Looking at some street poetry on a sign in the San Fernando Valley—it was a half-haiku that said “Magnolia Blvd. DEAD END”—I got to wondering, how did we get from Magnolia to La La Land? I can find the line from Magnolia, in 1999, when it rained frogs, back to Short Cuts, with its tremors, six years before. Paul Thomas Anderson had breathed the same yellow air as his idol Robert Altman (and even stood behind him as “back-up” director when Altman later finished his last movie, A Prairie Home Companion). From there, I can see connections all the way back to The Long Goodbye, Altman’s weirdly random Los Angeles detective film, released by United Artists in 1973. Films in that family portrayed marginal show business characters who would have been at home in John Schlesinger’s The Day Of The Locust, before they burned the city down.

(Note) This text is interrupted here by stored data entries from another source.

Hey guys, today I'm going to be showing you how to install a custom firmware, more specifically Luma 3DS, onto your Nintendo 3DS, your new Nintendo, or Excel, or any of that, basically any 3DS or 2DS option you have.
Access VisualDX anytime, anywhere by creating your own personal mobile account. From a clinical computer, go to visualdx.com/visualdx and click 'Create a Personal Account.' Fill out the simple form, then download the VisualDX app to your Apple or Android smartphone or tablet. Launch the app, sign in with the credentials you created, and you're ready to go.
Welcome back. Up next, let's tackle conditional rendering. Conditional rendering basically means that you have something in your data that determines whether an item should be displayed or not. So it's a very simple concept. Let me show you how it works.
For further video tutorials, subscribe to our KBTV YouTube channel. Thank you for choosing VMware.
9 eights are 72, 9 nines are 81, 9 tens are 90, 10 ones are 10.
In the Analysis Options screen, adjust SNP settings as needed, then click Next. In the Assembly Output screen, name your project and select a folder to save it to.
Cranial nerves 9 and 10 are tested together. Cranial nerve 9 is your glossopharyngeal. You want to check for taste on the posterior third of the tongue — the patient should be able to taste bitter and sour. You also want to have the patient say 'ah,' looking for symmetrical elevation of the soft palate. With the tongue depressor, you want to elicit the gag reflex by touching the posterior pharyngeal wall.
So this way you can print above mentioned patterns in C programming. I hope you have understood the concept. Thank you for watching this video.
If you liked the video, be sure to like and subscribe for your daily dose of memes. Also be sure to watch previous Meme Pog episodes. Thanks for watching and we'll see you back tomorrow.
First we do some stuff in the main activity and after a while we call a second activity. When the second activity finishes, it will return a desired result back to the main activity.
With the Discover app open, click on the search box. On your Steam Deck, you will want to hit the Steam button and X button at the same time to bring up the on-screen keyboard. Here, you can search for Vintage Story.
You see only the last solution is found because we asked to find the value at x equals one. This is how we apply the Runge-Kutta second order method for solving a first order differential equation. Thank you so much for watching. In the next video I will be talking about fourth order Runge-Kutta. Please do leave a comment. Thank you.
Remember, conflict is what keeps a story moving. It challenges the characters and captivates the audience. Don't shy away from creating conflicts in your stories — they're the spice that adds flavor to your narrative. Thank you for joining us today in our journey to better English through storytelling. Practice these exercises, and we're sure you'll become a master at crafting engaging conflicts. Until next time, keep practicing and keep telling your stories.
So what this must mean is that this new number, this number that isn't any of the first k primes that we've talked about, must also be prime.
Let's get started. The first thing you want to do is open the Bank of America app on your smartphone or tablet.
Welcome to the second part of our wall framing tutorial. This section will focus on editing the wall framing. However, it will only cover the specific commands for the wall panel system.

In fact, The Long Goodbye is something I watch a lot, and not just because I’m fascinated by Los Angeles street cinema. I never miss the Mexican ending, where Elliott Gould does a little dance after shooting the buddy who double-crossed him. But the best part, other than young Arnold Schwarzenegger’s cameo, is the way Gould’s Philip Marlowe wanders around mumbling, more or less, “it’s all right by me.” It’s his way of coping with the strange, almost ineffable eccentricity of this town.
There’s also a dirty, broken line that runs from The Long Goodbye back to Robert Culp’s Hickey & Boggs, another detective film, which was released by United Artists a year earlier. Walter Hill was the writer. Both pictures belong to the “smog noir” resurgence, and this one, by my hazy recollection, had an early modern version of the moment where the anti-heroes, played by Culp and Bill Cosby, get tongue-lashed by a police superior. In one way or another, the scene surfaced in pictures from Lethal Weapon to Last Action Hero. They were all distant cousins in big, messy, palm-lined metropolis that we pretended was paradise, when everyone could see it wasn’t.
Elsewhere, the cinematic string ran to some uncomfortable places. At one point, in 1997, Anderson turned our show-business myths inside out with Boogie Nights, about hopes and dreams in the porn world. In another direction, the gang movie Colors begot Boyz N The Hood begot Straight Outta Compton.
All of those were too deeply rooted, too real, to be pretty. On most days, after all, Los Angeles is not a pretty place. But they were beautiful, like the corruption in Chinatown.
Then came Damien Chazelle’s La La Land, with its 14 Oscar nominations—obviously a fine film, but so perfect, so sweet. How did we get there? It can’t be a reach back to Singin’ In The Rain. That picture was made in 1952, 33 years before Chazelle was born, in Rhode Island, in 1985. And no one took it all that seriously even then—it got just two Oscar nominations, and no wins.
There might be a kinship with Swingers, Doug Liman’s lounge-hipster, movieland fable of 1996. But that story was a broke-down tour of hangouts of a sort that look so much tidier, so much more appealing in La La Land.
Then again, Jon Favreau wrote and co-starred in Swingers, which was shot around Hollywood and Los Feliz some 20 years ago. And even he lives in my la-lovely neighborhood now.